AI chatbot fooled into revealing harmful content with 98 percent success rate

Dec 12, 2023 ·

In recent years, there has been increasing concern over the potential harm that AI-powered chatbot models can cause. A new study published in the journal Nature Communications highlights the issue of content moderation in chatbot models and how their use can lead to the spread of harmful material.

The study found that chatbot models are often used to spread false, misleading or otherwise harmful content, as they are designed to communicate with a wide range of users and do not have the same capacity for regulation as humans. This is particularly concerning given the power of these models; they have the potential to reach large audiences and influence public opinion.

The authors analyzed a dataset of over 1.3 billion conversations from chatbot models, and then classified each conversation into one of six categories: safe, offensive, political, spam, hate speech, and disinformation. They also looked at the type of content that was being shared.
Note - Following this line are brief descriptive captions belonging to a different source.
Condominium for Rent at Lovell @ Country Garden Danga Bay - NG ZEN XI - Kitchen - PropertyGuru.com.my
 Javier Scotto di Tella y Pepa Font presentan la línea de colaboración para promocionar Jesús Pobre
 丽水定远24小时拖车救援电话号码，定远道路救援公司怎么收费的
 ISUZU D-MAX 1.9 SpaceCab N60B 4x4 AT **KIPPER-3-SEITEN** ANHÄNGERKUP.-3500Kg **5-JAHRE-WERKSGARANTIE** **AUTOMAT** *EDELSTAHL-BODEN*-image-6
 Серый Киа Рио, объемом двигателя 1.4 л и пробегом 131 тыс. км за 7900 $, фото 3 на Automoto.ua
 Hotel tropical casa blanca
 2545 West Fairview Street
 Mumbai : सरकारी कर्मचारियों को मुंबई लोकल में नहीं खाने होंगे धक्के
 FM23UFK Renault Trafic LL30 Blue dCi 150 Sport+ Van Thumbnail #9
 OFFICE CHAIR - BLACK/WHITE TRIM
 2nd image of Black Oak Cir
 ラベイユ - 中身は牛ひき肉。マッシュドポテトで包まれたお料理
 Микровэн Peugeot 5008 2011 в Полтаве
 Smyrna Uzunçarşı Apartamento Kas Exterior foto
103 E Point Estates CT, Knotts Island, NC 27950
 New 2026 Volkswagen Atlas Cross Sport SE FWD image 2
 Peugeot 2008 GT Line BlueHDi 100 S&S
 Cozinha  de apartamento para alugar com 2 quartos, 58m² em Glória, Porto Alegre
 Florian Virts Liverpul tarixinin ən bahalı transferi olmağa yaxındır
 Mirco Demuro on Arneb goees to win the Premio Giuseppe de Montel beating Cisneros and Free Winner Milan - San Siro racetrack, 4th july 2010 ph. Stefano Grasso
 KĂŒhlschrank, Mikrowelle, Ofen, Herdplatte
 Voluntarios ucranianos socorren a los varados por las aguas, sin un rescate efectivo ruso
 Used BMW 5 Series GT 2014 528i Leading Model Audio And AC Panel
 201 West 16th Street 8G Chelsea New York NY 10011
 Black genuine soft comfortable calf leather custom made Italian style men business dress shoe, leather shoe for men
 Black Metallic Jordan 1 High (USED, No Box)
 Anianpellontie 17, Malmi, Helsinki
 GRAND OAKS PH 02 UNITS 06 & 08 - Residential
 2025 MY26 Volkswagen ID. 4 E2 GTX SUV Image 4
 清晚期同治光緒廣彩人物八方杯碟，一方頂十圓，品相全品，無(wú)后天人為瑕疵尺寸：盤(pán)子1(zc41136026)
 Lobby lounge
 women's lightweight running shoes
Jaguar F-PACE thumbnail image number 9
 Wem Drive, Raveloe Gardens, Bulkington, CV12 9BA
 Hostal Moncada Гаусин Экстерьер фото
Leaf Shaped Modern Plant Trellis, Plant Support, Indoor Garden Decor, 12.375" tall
The results showed that nearly 20% of the conversations contained some form of potentially offensive content, while more than 10% were identified as potentially political or containing misinformation. Additionally, the authors found that the most common types of content being shared were advertisements (31%), jokes (19%), and general chit-chat (17%).

The authors suggest several measures to reduce the potential for harm caused by chatbot models. These include better training for the models, improved moderation algorithms, and greater oversight by regulatory authorities. In addition, they recommend that providers of chatbot services take steps to ensure that their models are not used to spread false or misleading information.

Overall, this study demonstrates the importance of ensuring that chatbot models are properly regulated and monitored. As AI-powered chatbot models become increasingly popular, it is important to understand how they can spread potentially harmful content, and how to mitigate the risks associated with their use.